Title: Clinical research fellowship on therapeutic and preventative HIV vaccine
strategies. (PI Robin Shattock, CoPI Sarah Fidler)
Although antiretroviral treatment (ART) confers near-normal life expectancy for people living with HIV infection, this requires lifelong ART adherence, carrying the risk of drug-related toxicities, viral resistance and lifetime expense. Therefore, eradication of the virus has become the major research goal for the management of HIV infected individuals. Biological therapeutics utilizing vaccines in the context of ART and anti-latency drugs represents the most promising tools that could lead to ART- free survival. In order to confer ‘HIV Cure’ vaccination is given post infection, to enhance HIV-specific immunity effectively controlling viral replication. The primary goal of this project is to assess the role of vaccination in achieving sufficient viral control for prolonged ART free survival (ie "functional cure") following safety and immunogenicity studies in HIV-uninfected healthy controls.

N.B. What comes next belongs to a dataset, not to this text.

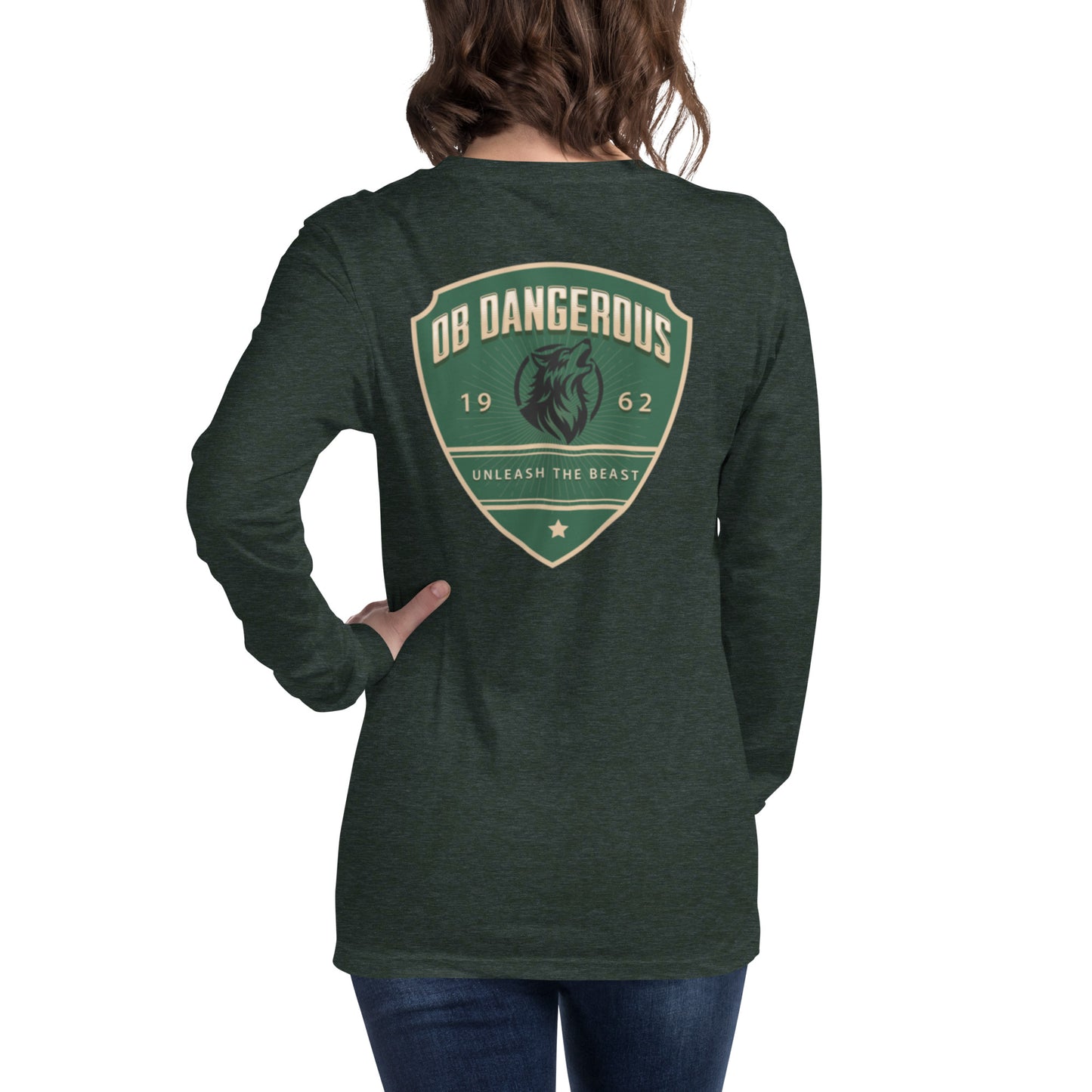 OBDangerous Designed Unleash the Beast Unisex Long Sleeve Tee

The scientific objectives of the project are to:
 evaluate safety and immunogenicity of therapeutic vaccine strategies including the evaluation of HIV DNA-GTU® MultiHIV B clade vaccine designed by FIT Biotech – a fully funded vaccine study due to start Q2013
 develop a new therapeutic approach to the use of HIV vaccine for the elimination of HIV, in the context of wider treatment research across multiple BRC centers
 understand mode of administration for the development optimized vaccination strategies against HIV (inc electroporation, vector prime-boost) in infected and uninfected subjects
 understand the molecular basis of immune control of viral latency and the use of anti-latency drugs to expose reservoirs to immune eradication,
 To determine whether autologous vaccines based on individual patient viral sequences are more effective in eliminating HIV latency than heterologous standard HIV vaccine constructs.
 redirect immune responses toward cytotoxic T-cells trageted to eliminate viral latency.
The technological objectives of the project are to:
 develop optimized methods of DNA HIV vaccination in the context of ART
 advance existing standardization in immuno-monitoring
 advance existing standardization in monitoring of viral reservoirs and latency activation.
The training objectives of the project are to:
 develop DNA vaccination with electroporation for prophylactic and/or therapeutic application to with autologous and heterologous standard HIV vaccine constructs
 optimize methodology of ex-vivo culture to assess reactivation of viral latency
 to provide specific training in all aspects of translational vaccine research and the conduct phase I clinical trials.
The BRC objectives of the project are to:
 build on existing industry partnerships with FIT biotech, Novartis, Sanofi Pasteur and Gilead on vaccination and the use of anti-latency drugs
 To deliver patient-/ people- focused translational clinical research with patient studies
 To Develop/expand on the Public and Patient Involvement portfolio utilizing modern media tools: including the www.helpmakehistory.mrc.ac.uk
web site utilized for raising public awareness and subject recruitment
 Build on existing cross-BRC collaborative activity on the study of viral latency (Royal Free,
UCL, GKT, Oxford and Cambridge
 To leveraging of other grant funding by association with current strategic grant application to the Wellcome Trust to establish an experimental HIV vaccine research centre.